Una questione di identità
INTERVENTO
È una questione di identità: Molfetta è il porto. Quante sono le città che hanno con l'area portuale un rapporto così intimo da consentirle di penetrare fin dentro il proprio salotto?
Ma Molfetta è il porto in senso assai più profondo di quello che vuole la retorica un po' a buon mercato alla quale siamo stati sottoposti da bambini e che ci vuole tutti marinai e pescatori.
Come per molte città nate sui bordi di una baia, inizialmente l'insediamento era gemello: uno a ponente dove adesso c'è la Madonna dei Martiri, l'altro (Respa) a levante.
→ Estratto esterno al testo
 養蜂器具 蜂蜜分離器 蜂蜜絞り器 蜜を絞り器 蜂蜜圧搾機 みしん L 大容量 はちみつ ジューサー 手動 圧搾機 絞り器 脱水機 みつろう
Qualcosa del genere è successa anche a Trani-Colonna o a Barletta-Ariscianne.
L'approdo migliore era quello di cala San Giacomo, ed era lì dunque che risiedevano gli dei che rendevano propizio l'andare per mare
Il rapporto stretto fra i due nuclei abitati, fra Molfetta e Respa, viene ancora celebrato ogni anno con la processione a mare della Madonna dei Martiri e il “prestito” della divinità protettrice della pesca e dei marinai dal suo luogo di origine alla nuova città.
Il nuovo porto sotterrerà sotto migliaia di metri cubi di cemento quel po' che resta di questo. Ma non sembrano in molti a preoccuparsene. E, d'altra parte, perché stupirsi di questa insensibilità, quando tutta la città è costellata di dolorose cicatrici dovute a un tale insistente atteggiamento. Forse non è stato abbattuto Palazzo Capelluti? E il biscottificio “Pansini e Gallo” raso al suolo? E distrutte le ciminiere del cementificio Gallo e del pastificio Maldarelli? Forse che non è stato devastato il paesaggio in cui sorge il Cenobio di San Martino con quei capannoni industriali costruiti a pochi metri di distanza?
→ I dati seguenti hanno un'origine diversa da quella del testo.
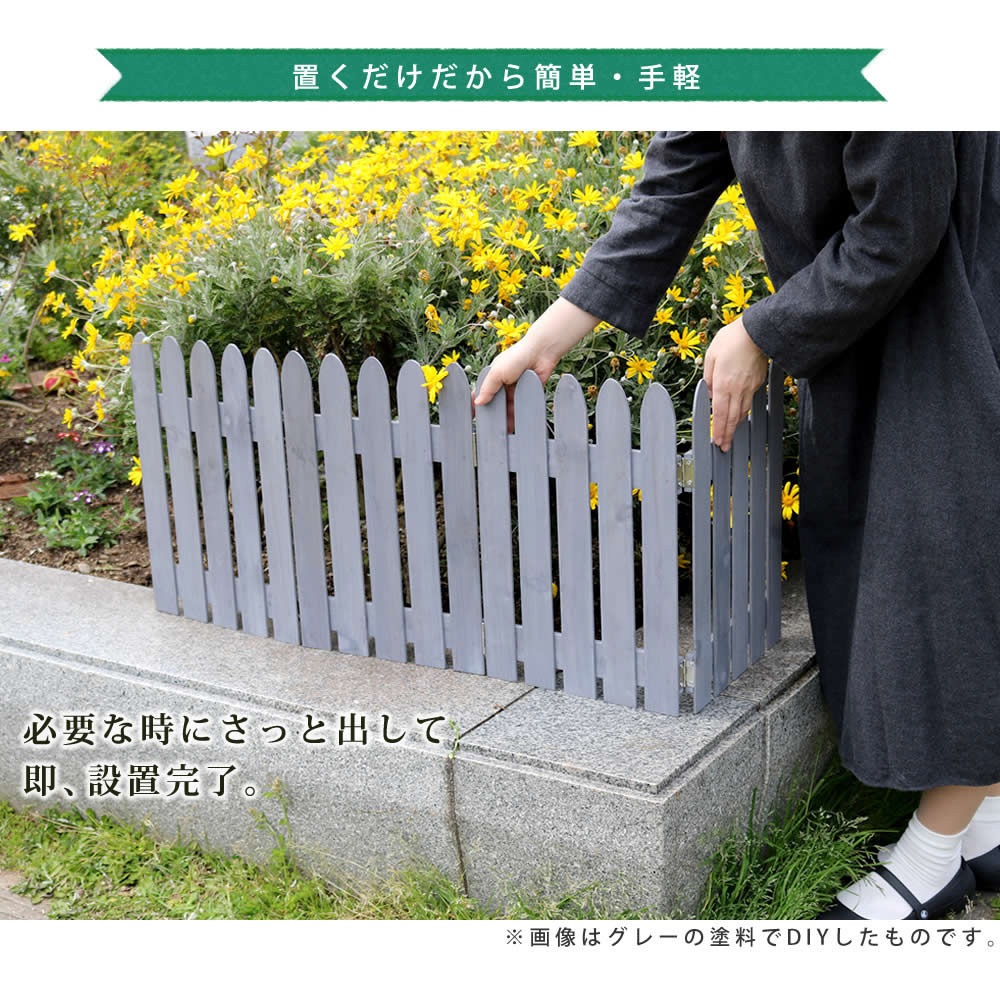 WF-120F-4P 折り畳めるウッドミニフェンス 1個(4枚) 住まいスタイル 【通販モノタロウ】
Perché stupirsi che siano in tanti quelli che di fronte alla prospettiva della cancellazione di un paesaggio in cui si identificava la nostra città (i cantieri delle barche che nascevano fra le case, la “sciala” dove si ritrovavano a mangiare Croce e Salvemini) scrollino le spalle indifferenti: è lo sviluppo, bellezza!
Beh, parliamone allora di questo sviluppo.
Si dice: bisogna creare le “autostrade del mare” e rilanciare il sistema dei porti come alternativa al traffico su gomma: si ridurrà l'inquinamento e lo scambio commerciale sarà più efficiente. E poi c'è la connessione “evidente” fra zona industriale e porto. Sono occasioni da non perdere.
E qual è il compito dei politici? Creare le condizioni dello sviluppo, mica programmare: non siamo mica in Unione Sovietica. Esternalità marshaliane, le chiamano gli economisti.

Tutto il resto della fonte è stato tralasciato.